Task requirements: Look through the material below. Return exactly the lines from the one with "Adult Youth Polyester" through the one with "plegables set 4", both included.

The data:
______

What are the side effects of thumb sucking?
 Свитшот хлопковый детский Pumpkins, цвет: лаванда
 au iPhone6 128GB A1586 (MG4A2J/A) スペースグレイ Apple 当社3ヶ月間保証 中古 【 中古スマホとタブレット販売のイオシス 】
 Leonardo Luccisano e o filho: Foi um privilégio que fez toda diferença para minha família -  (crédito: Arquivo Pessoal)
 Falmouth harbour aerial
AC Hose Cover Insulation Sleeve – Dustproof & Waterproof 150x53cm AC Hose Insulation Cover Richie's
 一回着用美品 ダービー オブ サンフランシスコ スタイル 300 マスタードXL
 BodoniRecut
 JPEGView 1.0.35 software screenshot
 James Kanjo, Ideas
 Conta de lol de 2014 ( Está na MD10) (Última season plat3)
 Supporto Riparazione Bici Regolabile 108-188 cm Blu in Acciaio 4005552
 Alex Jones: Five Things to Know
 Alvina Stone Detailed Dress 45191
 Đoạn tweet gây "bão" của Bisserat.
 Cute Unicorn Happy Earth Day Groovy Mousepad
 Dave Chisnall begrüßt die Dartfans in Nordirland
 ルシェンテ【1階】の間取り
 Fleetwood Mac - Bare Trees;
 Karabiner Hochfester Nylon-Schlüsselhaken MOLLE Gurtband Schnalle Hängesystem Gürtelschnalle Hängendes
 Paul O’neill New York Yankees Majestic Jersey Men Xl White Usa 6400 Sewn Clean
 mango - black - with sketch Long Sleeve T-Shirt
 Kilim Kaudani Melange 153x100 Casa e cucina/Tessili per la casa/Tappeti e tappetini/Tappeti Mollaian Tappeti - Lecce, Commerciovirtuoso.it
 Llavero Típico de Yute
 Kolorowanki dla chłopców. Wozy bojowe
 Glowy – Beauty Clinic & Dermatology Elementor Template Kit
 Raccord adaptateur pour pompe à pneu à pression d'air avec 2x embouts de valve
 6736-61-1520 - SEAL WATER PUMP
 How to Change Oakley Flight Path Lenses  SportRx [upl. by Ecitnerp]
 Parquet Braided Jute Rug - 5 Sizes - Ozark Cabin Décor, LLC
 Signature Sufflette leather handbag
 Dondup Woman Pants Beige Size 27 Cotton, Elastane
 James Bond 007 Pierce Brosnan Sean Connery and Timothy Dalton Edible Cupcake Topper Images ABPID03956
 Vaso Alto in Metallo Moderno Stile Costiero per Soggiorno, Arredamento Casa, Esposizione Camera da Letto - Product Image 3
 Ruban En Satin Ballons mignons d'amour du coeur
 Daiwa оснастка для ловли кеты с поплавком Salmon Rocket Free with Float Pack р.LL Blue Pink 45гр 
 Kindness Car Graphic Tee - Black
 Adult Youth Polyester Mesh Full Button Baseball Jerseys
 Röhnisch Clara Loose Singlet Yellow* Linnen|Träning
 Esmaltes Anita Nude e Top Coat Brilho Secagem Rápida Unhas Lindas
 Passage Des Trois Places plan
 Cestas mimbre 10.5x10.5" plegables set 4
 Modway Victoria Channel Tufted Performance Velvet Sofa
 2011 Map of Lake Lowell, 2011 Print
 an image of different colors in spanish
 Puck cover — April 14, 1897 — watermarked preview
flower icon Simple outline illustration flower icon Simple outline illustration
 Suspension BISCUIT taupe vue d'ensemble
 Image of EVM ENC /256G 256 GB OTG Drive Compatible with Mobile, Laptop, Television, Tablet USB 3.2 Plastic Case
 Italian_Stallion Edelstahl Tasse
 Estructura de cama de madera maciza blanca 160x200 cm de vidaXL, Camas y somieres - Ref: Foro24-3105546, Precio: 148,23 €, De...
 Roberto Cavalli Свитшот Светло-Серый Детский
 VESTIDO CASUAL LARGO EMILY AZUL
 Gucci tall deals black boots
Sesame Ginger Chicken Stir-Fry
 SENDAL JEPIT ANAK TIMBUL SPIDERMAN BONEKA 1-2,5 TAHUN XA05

______

Your solution:
 Adult Youth Polyester Mesh Full Button Baseball Jerseys
 Röhnisch Clara Loose Singlet Yellow* Linnen|Träning
 Esmaltes Anita Nude e Top Coat Brilho Secagem Rápida Unhas Lindas
 Passage Des Trois Places plan
 Cestas mimbre 10.5x10.5" plegables set 4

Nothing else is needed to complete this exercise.